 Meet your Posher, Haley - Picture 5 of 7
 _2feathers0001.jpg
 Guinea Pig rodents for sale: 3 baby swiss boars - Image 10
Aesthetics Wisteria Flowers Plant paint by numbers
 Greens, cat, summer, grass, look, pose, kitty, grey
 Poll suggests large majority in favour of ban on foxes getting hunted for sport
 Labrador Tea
******
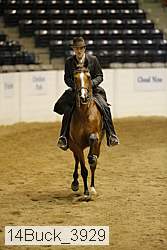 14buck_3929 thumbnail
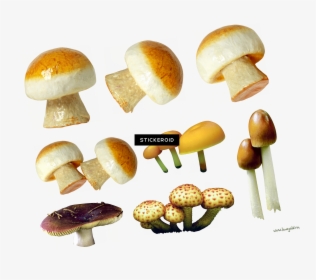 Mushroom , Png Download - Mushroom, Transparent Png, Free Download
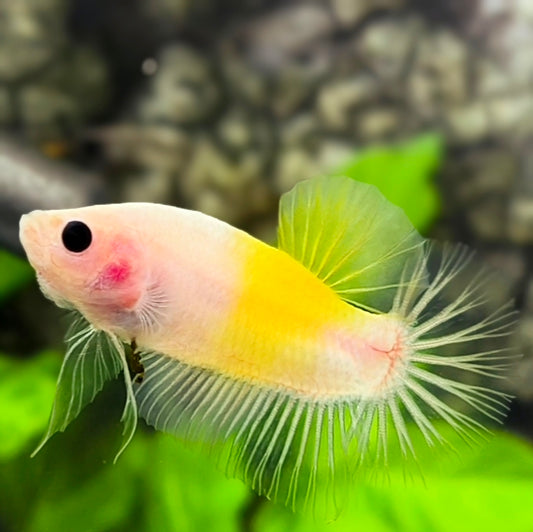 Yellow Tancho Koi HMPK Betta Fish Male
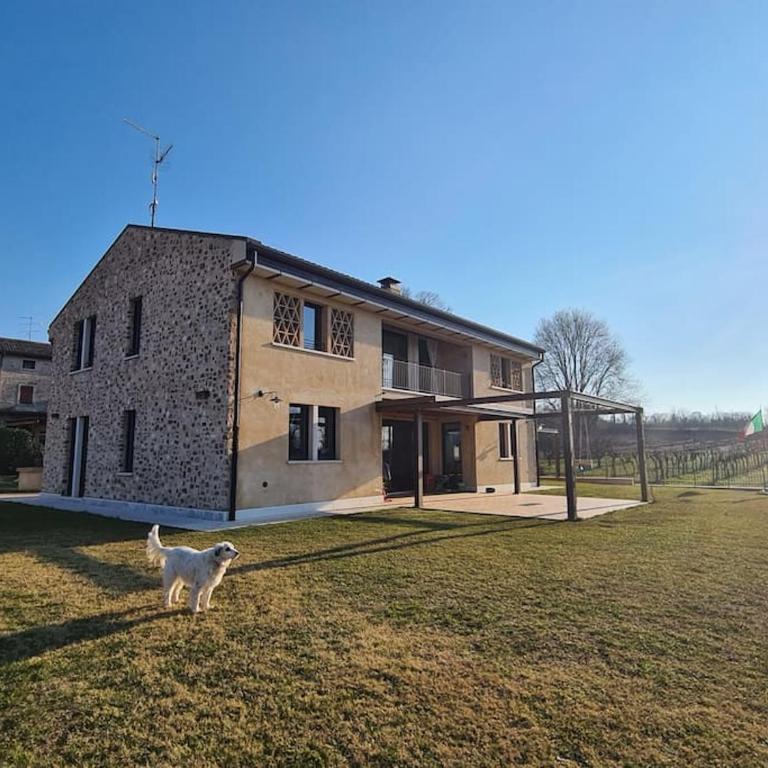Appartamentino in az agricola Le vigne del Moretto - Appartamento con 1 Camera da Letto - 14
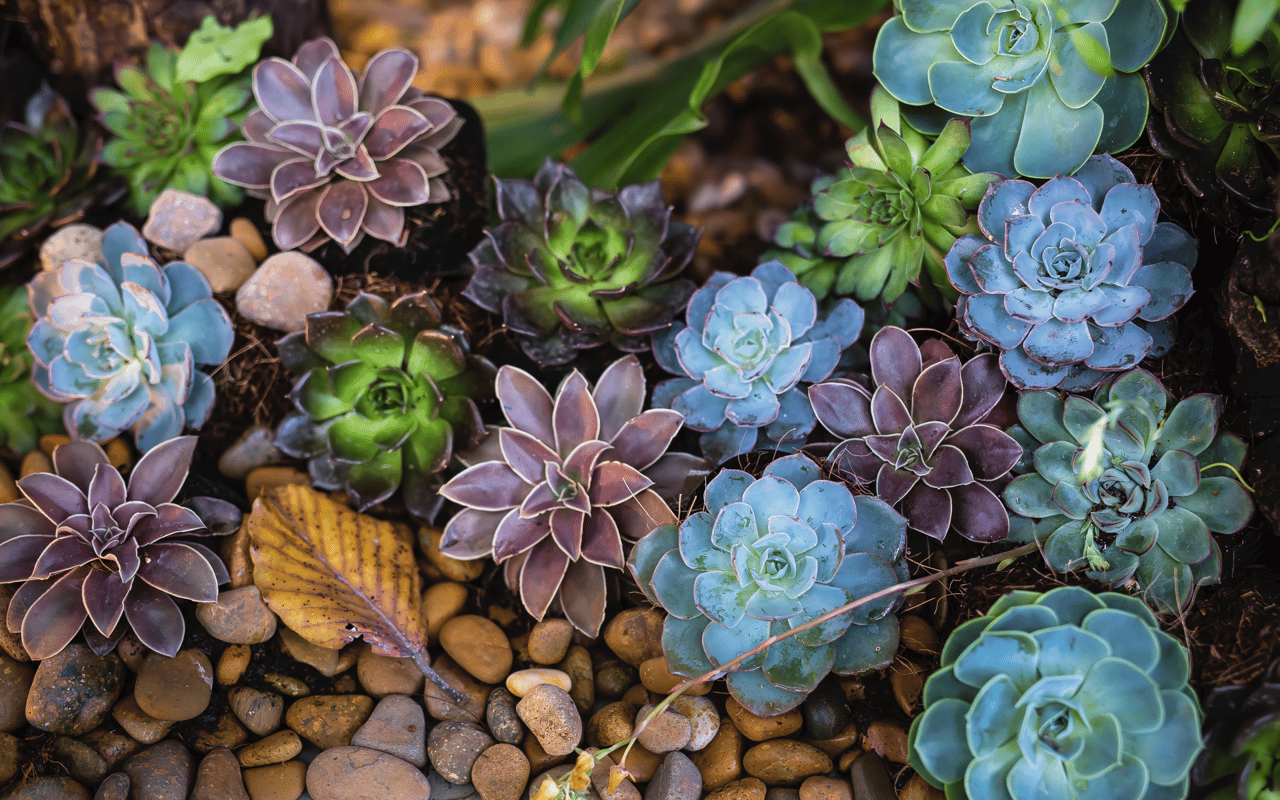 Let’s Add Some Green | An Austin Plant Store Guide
******
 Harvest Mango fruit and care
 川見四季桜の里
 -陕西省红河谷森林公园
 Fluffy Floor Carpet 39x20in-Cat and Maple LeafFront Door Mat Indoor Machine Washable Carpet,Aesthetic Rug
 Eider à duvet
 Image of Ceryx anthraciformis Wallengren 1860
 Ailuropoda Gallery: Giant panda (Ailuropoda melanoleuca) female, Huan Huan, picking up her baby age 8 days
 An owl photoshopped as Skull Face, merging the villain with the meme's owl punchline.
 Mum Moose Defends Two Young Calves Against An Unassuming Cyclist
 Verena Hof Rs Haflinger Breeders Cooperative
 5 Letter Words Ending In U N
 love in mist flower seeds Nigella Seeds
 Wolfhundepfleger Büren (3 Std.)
******
WHAT IS BEING ASKED:
Print only what lies in the material above starting at the line with "Meet your Posher, Haley - Picture 5 of 7" and ending at the line with "Labrador Tea", every line exactly as given.

REPLY:
 Meet your Posher, Haley - Picture 5 of 7
 _2feathers0001.jpg
 Guinea Pig rodents for sale: 3 baby swiss boars - Image 10
Aesthetics Wisteria Flowers Plant paint by numbers
 Greens, cat, summer, grass, look, pose, kitty, grey
 Poll suggests large majority in favour of ban on foxes getting hunted for sport
 Labrador Tea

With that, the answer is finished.